Der Bündnispartner aus der
Arbeitsgemeinschaft (AG) Ausbau B 31-neu, die Interessengemeinschaft
Verkehrsneuplanung Ittendorf (IVI), tendiert in eine ähnliche Richtung wie der
MIK. Fritz Käser, Vorsitzender der IVI, teilt auf SÜDKURIER-Nachfrage mit, dass
die drei vorgestellten Varianten eher das Ergebnis straßenbaulicher Aspekte
unter Einbezug von Lärmschutzerfordernissen seien, "wobei Kriterien des
Umweltschutzes zunächst weniger berücksichtigt wurden". Bei der Vorstellung
der Umweltverträglichkeitsstudie sei allerdings eine Vielzahl von
schützenswerten Gebieten im Planungsgebiet vorgestellt worden, "die eine
Realisierung der Variantenbündel B und C infrage stellen. Gerade der
Weingartenwald und die Lipbach-Senke stellen höchst schützenswerte Gebiete von
überregionaler Bedeutung dar". Dabei spielten artenschutzrechtliche
Aspekte genauso eine Rolle wie das Landschaftsbild, die landwirtschaftlichen
Nutzungen und die Naherholung. Käser kündigt an: "Die IVI setzt sich seit ihrer
Gründung für einen moderaten Ausbau der bestehenden B 31 ein und wird dies
auch weiterhin tun. Dies entspricht im grundsätzlich dem Lösungsansatz A, da
unserer Meinung nach nur bei diesem Lösungsansatz die Eingriffe in die Natur,
Landschaft, Landwirtschaft und Naherholung minimiert werden können."
Viele Aspekte noch in
der Untersuchung
Einen Gegenpunkt zur AG Ausbau
B 31-neu bildet das B 31-neu Bündnis Pro 7.5 Plus. Im Bündnis
sind unter anderem die Verkehrsinitiative Hagnauer Bürger
und die Bürgerinitiative Immenstaad B 31-neu organisiert. Vorsitzender
Bernd Saible stellt zu den Ergebnissen der Gutachter
und Planer fest: Viele entscheidungsrelevante Aspekte, wie Straßenquerschnitt,
Lärm-, Schadstoffgutachten, Details und Lage der Anschlussknoten ans
nachgelagerte Straßennetz, geologische Bodenverhältnisse, Auswirkungen auf
Tourismus, Wirtschaft, Landwirtschaft, Flächenverbrauch, et cetera
befänden sich derzeit noch in der Untersuchung und würden vermutlich alle
vorgestellten Varianten noch beeinflussen. Die Bündnismitglieder treffen sich
am heutigen Dienstag zu einem ersten Workshop in Hagnau,
um die drei Lösungsansätze zu analysieren und zu bewerten. "Für die
Mitglieder des Bündnisses handelt es sich bei der B-31-neu-Planung um ein
Verkehrsprojekt, das nicht nur unter dem jeweiligen Gesichtspunkt einer
einzelnen Gemeinde und ihres kommunalen Interesses, sondern ebenso aus dem
Blickwinkel gemeindeübergreifender Aspekte der betroffenen Seegemeinden sowie
hinsichtlich der Auswirkungen auf die Region überdacht und beurteilt werden
muss", so Saible. Erst am Ende dieses Prozesses
soll eine gemeinsame Position kommuniziert werden.

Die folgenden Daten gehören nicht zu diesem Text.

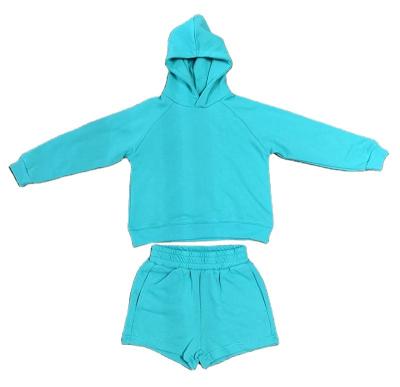 China Fashion Kids Boy Girl Clothes Solid Color 2 Piece Breathable Shorts Long Sleeve Short Set Kids Hoodie for sale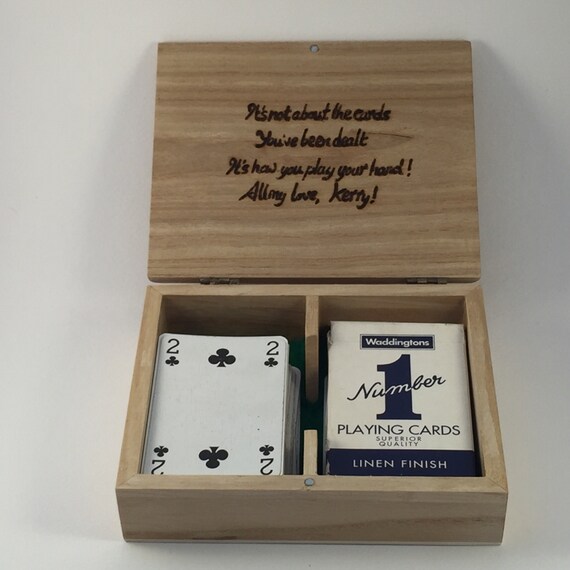 Personalisierte Holz Spielkarten Box Etsy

Bei dem Workshop werden ebenfalls Bürger
aus Stetten dabei sein. Zwischen der Initiative TeamB31-Stetten und dem
B 31-neu Bündnis Pro 7.5 Plus besteht eine Kooperation. In der
Gemeinde Stetten gibt es zudem die Interessengemeinschaft Verkehrsplanung
B 31/B 33 Stetten. Die Gruppe gehört weder zur AG Ausbau
B 31-neu noch zum B 31-neu Bündnis Pro 7.5 Plus. Stattdessen
wird ein enger Austausch mit dem TeamB31-Stetten gepflegt. Mit den weiteren
Initiativen will man im Gespräch bleiben, wie Vorsitzender Ruben Neu erklärt.

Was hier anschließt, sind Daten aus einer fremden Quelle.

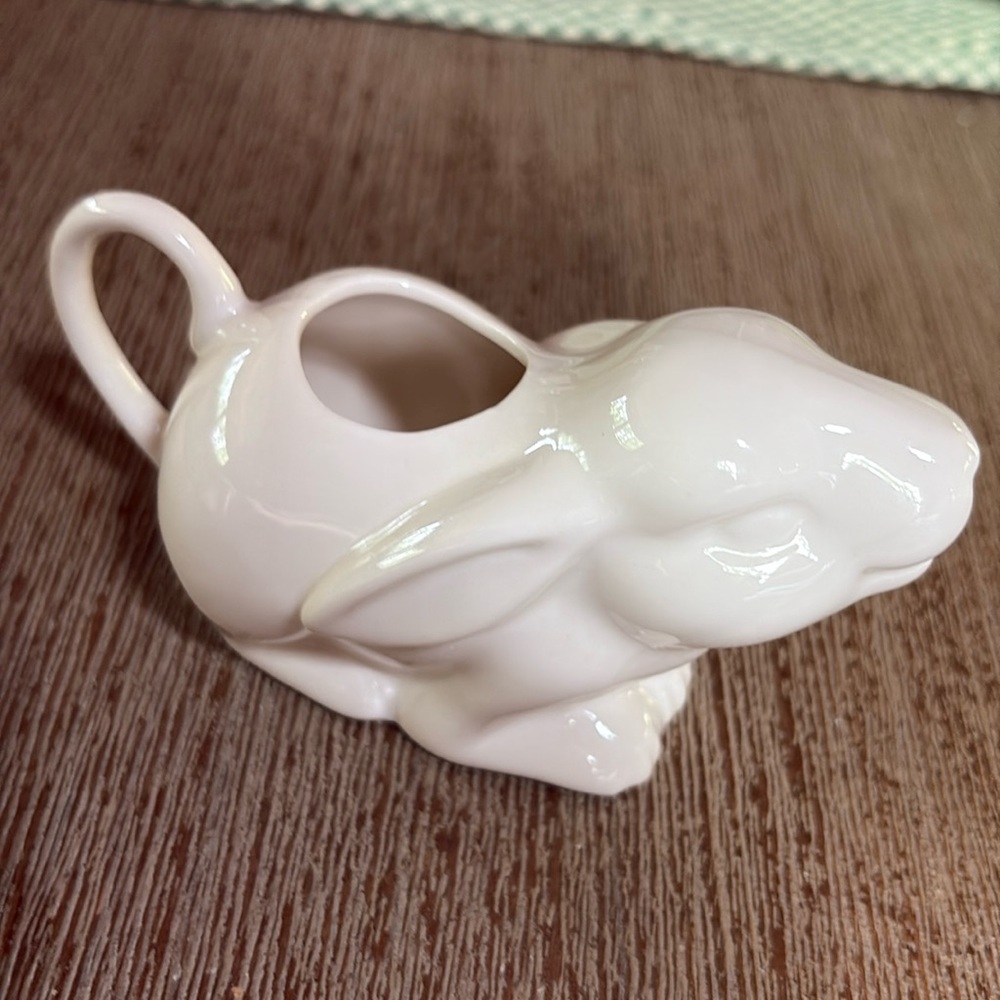 Two's Company Mini Bunny Ceramic Creamer white for syrup, juice and sauces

Auch die Stettener haben vor, eine gemeinsame
Position zu den Varianten zu erarbeiten, mit Blick auf die Komplexität der
Straßenplanung und die Konsequenzen für die Gemeinde. Denn Stetten wäre von
allen drei Varianten direkt betroffen.
Nicht nur direkte
Betroffenheit zählt für Bürger
Dass jedoch nicht nur unmittelbare
Betroffenheit zählt, beweist die Initiative Pro Kluftern. Vorstandsmitglied
Adalbert Kühnle teilt mit: "Die Varianten B und C samt Untervarianten
stellen einen massiven Eingriff in unsere einmalige Erholungs- und
Kulturlandschaft und deren landwirtschaftliche Nutzung dar. Sie sind deshalb auch
im Blick auf kommende Generationen abzulehnen."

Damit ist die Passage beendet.